Decisiveness matters in negotiations. Leaders are supposed to offer clarity, minimize uncertainty and move with confidence. A bold decision can spark a movement and establish leadership. But decisiveness is not the same as certainty. In business, almost no deal really signifies the end of the transaction. Markets respond, partners adapt, employees translate, and adversaries plan the next move. A judgment is enacted once, but its consequences are served up at the table over and over.
This is where the “one and done” mindset becomes risky.
Executives who are confident that they can secure a deal with just one aggressive play typically underestimate the system in which they are operating: Commercial relationships do not begin or end with any single deal, but rather develop over time. Supply chains are interdependent. Clients don’t forget how they’ve been treated. A staff also remembers how decisions were made. Competitors also learn from what they see. The field is not cleared after the move – it re-forms around it.
And that’s the thing about power in repeated games: it is not a function of how hard you push to close the deal; instead, any power you might have comes from sealing a good one. A contract signed under duress may crumple at the first stress test. A reorganization announced in the middle of the night may sound bold on a PowerPoint slide but flounder in implementation. A public ultimatum may win the day, but at the lonely price of weakening trust.
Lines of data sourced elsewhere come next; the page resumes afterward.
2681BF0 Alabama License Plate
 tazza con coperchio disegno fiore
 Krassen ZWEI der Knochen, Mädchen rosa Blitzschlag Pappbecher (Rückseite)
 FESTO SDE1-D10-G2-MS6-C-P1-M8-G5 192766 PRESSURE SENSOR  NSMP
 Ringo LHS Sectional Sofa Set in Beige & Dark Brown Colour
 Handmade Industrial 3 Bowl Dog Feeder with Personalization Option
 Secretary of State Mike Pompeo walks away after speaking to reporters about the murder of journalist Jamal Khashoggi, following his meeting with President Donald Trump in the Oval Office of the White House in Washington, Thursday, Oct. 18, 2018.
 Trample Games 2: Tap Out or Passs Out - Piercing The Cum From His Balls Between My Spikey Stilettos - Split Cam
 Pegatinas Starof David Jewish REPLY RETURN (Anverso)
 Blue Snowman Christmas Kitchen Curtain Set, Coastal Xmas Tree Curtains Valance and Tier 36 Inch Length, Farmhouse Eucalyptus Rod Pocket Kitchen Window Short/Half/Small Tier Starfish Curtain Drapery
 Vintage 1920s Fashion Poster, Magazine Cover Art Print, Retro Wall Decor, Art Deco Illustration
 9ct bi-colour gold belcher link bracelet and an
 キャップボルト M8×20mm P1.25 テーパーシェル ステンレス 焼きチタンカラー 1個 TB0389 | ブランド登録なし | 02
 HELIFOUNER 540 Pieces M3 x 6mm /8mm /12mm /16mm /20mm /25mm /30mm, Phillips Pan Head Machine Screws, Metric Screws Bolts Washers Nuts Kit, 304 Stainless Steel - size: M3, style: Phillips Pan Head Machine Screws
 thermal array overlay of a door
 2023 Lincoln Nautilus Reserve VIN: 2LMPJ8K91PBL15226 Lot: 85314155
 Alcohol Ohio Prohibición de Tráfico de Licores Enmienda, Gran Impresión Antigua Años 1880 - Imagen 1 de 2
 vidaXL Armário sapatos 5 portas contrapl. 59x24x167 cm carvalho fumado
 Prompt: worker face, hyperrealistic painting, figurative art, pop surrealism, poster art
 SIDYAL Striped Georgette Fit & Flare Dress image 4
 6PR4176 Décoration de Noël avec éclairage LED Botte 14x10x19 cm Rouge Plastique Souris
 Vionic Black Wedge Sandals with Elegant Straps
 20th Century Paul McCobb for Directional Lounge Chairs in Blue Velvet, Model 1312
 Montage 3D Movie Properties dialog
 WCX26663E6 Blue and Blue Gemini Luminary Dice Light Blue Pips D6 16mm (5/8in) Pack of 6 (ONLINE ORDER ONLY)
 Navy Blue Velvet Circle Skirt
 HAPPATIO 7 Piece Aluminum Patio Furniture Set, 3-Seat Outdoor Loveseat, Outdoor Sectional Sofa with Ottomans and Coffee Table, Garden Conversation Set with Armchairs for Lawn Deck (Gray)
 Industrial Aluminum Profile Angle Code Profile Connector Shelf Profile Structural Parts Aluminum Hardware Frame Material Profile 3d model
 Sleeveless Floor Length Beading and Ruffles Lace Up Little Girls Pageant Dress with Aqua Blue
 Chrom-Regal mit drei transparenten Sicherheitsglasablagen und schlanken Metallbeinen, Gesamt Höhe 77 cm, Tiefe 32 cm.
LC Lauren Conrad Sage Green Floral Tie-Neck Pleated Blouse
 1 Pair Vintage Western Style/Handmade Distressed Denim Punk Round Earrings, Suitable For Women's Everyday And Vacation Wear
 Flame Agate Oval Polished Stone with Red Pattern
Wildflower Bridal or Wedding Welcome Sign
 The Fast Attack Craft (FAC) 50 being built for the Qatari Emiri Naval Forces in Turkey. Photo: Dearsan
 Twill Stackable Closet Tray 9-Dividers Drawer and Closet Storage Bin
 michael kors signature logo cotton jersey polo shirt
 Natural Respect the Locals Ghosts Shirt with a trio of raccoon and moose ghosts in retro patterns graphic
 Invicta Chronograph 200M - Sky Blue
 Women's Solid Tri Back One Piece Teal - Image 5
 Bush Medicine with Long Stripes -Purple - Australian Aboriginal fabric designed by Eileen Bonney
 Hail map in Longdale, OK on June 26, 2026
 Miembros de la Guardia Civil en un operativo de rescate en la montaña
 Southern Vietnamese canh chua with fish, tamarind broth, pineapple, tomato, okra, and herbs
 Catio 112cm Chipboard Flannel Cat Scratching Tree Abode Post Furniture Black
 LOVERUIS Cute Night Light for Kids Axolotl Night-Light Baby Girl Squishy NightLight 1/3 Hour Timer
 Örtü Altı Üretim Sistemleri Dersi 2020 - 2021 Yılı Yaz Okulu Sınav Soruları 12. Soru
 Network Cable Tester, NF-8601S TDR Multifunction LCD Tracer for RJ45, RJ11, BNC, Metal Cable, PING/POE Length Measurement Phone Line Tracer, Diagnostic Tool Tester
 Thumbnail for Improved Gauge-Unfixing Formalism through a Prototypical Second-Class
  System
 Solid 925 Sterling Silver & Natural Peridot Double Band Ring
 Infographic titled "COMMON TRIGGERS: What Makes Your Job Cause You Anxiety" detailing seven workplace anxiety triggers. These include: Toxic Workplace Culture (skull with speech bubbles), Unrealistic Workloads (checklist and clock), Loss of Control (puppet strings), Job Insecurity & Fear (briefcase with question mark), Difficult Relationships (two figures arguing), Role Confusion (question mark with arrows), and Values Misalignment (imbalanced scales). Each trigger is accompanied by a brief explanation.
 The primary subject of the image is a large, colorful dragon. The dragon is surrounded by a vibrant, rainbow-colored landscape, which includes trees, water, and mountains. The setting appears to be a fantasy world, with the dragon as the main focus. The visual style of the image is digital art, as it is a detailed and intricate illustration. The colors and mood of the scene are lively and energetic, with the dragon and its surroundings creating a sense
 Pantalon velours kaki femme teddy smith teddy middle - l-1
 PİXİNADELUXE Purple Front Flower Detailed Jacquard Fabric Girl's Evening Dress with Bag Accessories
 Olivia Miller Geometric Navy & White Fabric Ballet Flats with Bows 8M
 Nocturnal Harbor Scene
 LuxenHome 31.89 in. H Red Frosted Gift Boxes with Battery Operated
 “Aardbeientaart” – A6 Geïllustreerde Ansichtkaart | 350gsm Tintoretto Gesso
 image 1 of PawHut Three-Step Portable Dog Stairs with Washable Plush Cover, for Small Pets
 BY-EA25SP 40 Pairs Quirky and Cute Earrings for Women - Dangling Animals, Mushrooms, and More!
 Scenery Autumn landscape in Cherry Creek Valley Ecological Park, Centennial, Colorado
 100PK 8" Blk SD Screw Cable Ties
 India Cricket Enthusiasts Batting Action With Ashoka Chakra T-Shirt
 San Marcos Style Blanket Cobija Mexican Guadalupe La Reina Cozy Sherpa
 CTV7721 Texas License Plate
The irony, of course, is that leaders who try to exert control through “one and done” often find themselves with less of it. By declaring the interaction finished, they cease controlling the aftermath. By stating that it’s over, they refocus attention away from where the real action is taking place. And in business, it is the aftermath that really matters because it will determine whether value is preserved or eroded over time.
There isn’t much space for “one and done” in business, because the playing field can sour on you. Who you call on today may be the strategic partner, regulator, supplier or board member of tomorrow. Leverage shifts. Context changes. What feels like power in one quarter begin to feel like weakness in the next. The story of how a decision was made often matters more than the decision itself.
Strong negotiators understand this instinctively. They are not concerned with bringing the talks to a close; they are concerned with shaping the next stage. They’re not focused on closing statements, but future optionality. They wonder not just how anyone will sign a deal, but also how it will work when conditions change.
There are situations where speed and decisiveness are essential: ontaining a crisis, drawing a clear ethical line, or walking away from a partnership that no longer serves its purpose. But even in those moments, success is not determined by how forcefully the move is made, but by how well it holds once the moment has passed. Decisions that are clear but disconnected from what comes next rarely endure.
“One and done” may certainly sound strong, confident and like it comes from a place of leadership. But in business, where relationships repeat and power shifts, certainty is rarely final. More often, it is a temporary pause in a longer game: one that continues whether leaders acknowledge it or not.